Screaming, and tears, whining, resistance, defiance. You take rebellion to illogical, emotional levels that your brother's never dreamed of. He'll often start the uprising, but he knows when to cut his losses, and watches in wonder while you seem hellbent for destruction. Time and again I find myself in a frustrating game of chicken with you, the 3-yr old vs this harried authority figure known as Mommy. Logic holds no sway here. 'Damn the torpedoes! I am three, hear me roar! Don't speak to me of consequences, for they hold no meaning in this land, this great eternal NOW. I don't want to, and that should be enough for you!'
Oh, Sweetcheeks. You were such a sweet baby. Just as laid back as could be, you were sent by angels who pitied me after your brother's babyhood. Sweet, sweet, cuddly precious little thing. Who could have imagined you had such iron resolve under those smiles and curls?
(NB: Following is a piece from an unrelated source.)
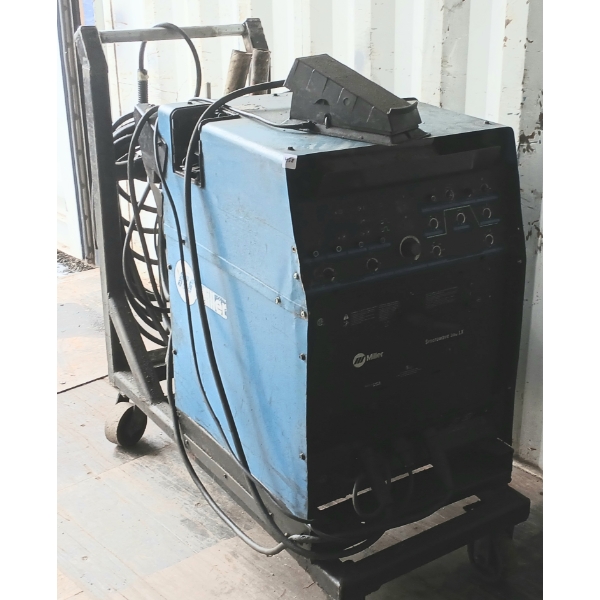 MILLER SYNCROWAVE 350LX TIG WELDER W/ FOOT CONTROL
You've lost those poochy baby jowls that gave you your nickname, and you have earned your new nickname, "The Pirate". It pleases you.
Yet now, shining auburn hair spread across your pillow, framing your peaceful face as you dream your pirate dreams, you are radiant. You are love, pure, fierce and breathtaking. I've never known anyone to utter the words "I love you" as often as they leave your lips. I've never known a more enthusiastic snuggler. I've never chosen to pour myself into anyone as emotionally needy as you are, my wonderful middle child. I love you so much, and you drive me crazy, and you're beautiful.
You are a marvel, my little Pirate. A walking paradox. A small, strong bundle of defiance and overflowing love. Navigate life's uncharted seas with your 3-yr old fearlessness and enthusiasm. Keep loving like there's no tomorrow. Be ever true to yourself. And please, please, to all powers that be, may you grow to temper your resolve with understanding.